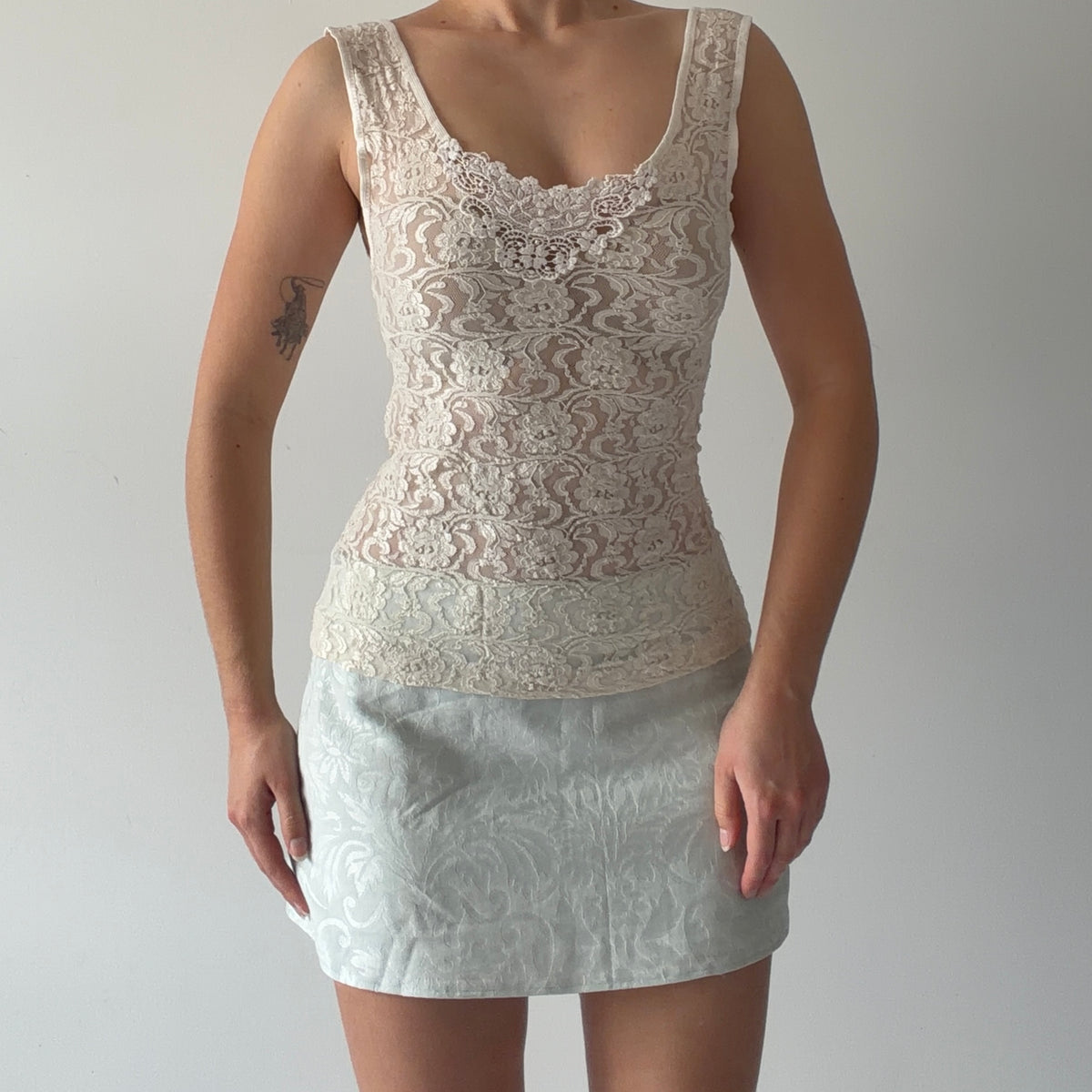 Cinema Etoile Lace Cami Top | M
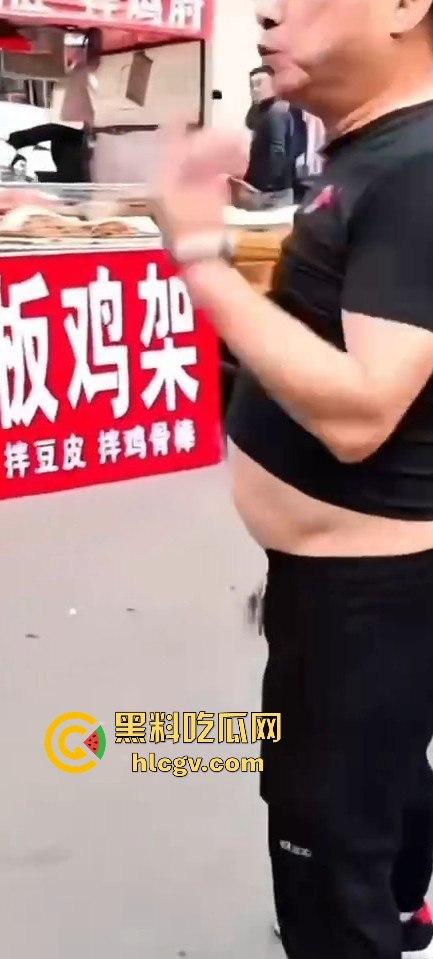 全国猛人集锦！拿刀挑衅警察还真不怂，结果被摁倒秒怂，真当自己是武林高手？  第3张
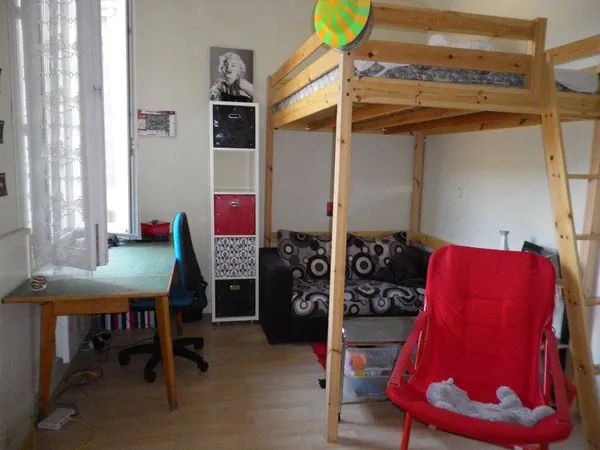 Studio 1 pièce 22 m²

* * *

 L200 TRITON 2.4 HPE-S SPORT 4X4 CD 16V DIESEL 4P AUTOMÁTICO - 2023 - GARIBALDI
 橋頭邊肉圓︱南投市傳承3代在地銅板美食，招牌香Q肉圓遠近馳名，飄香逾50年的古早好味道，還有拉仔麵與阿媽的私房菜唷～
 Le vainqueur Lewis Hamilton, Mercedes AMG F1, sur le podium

PROBLEM
Write out the lines above from the one with "Cinema Etoile Lace Cami Top | M" through the one with "Studio 1 pièce 22 m²", ends included, exactly; no picture goes in.

WRITTEN SOLUTION
 Cinema Etoile Lace Cami Top | M
 全国猛人集锦！拿刀挑衅警察还真不怂，结果被摁倒秒怂，真当自己是武林高手？  第3张
 Studio 1 pièce 22 m²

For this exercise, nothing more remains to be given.